Bicuspid aortic valve

Bicuspid Aortic Valve (BAV) is a congenital heart defect characterized by the aortic valve having only two leaflets instead of the normal three. This condition affects the valve's function and is the most common congenital cardiac anomaly, present in approximately 1-2% of the population. The aortic valve plays a crucial role in directing blood flow from the heart's left ventricle to the aorta, and subsequently, to the rest of the body. BAV can lead to various complications, including aortic stenosis, aortic regurgitation, and an increased risk of aortic aneurysm and aortic dissection.

Etiology and Pathophysiology[edit | edit source]

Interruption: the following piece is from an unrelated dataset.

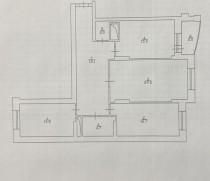 Продажа 3-комн. квартира, 98 м², 16/20 этаж — планировка 1
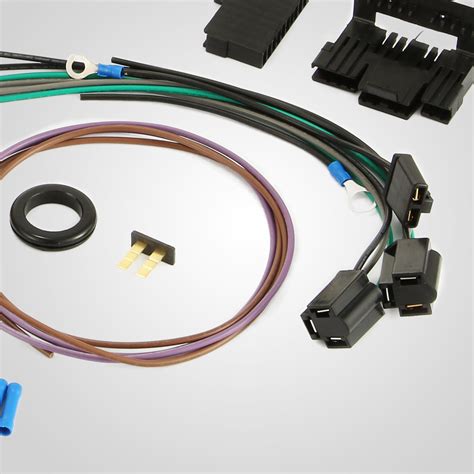 wiring harness oreillys, circuit wiring harness fit chevy universal hotrods  ford chrysler ebay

The exact cause of Bicuspid Aortic Valve is not fully understood, but it is believed to involve a combination of genetic and environmental factors. The condition is thought to arise from abnormal cusp formation during valvular development in the fetus. BAV is associated with mutations in several genes, including NOTCH1, which plays a role in the development of the heart and its valves.

In a normal aortic valve, three cusps or leaflets open and close to regulate blood flow. In BAV, two of the cusps are fused, leading to a valve that may not function properly. This can cause the heart to work harder to pump blood, potentially leading to cardiac hypertrophy and heart failure over time.

Clinical Presentation[edit | edit source]

Patients with Bicuspid Aortic Valve may be asymptomatic or present with symptoms related to valve dysfunction or associated complications. Symptoms can include: - Shortness of breath - Fatigue - Chest pain - Heart murmur, detected by a healthcare provider during a physical examination

Diagnosis[edit | edit source]

Diagnosis of BAV typically involves imaging techniques such as echocardiography, which allows for detailed visualization of the valve structure and function. Other diagnostic tools may include magnetic resonance imaging (MRI) and computed tomography (CT) scans, particularly for assessing associated conditions like aortic aneurysm.

Management and Treatment[edit | edit source]

The management of Bicuspid Aortic Valve depends on the severity of the condition and the presence of symptoms or complications. Regular monitoring through echocardiography is recommended for asymptomatic individuals. Treatment options for those with significant valve dysfunction or complications may include: - Medication to manage symptoms or reduce the risk of complications - Surgical repair or replacement of the aortic valve - Surveillance and management of aortic aneurysm or dissection

Prognosis[edit | edit source]

The prognosis for individuals with Bicuspid Aortic Valve varies depending on the presence and severity of valve dysfunction and associated complications. With appropriate management, many individuals can lead normal, active lives.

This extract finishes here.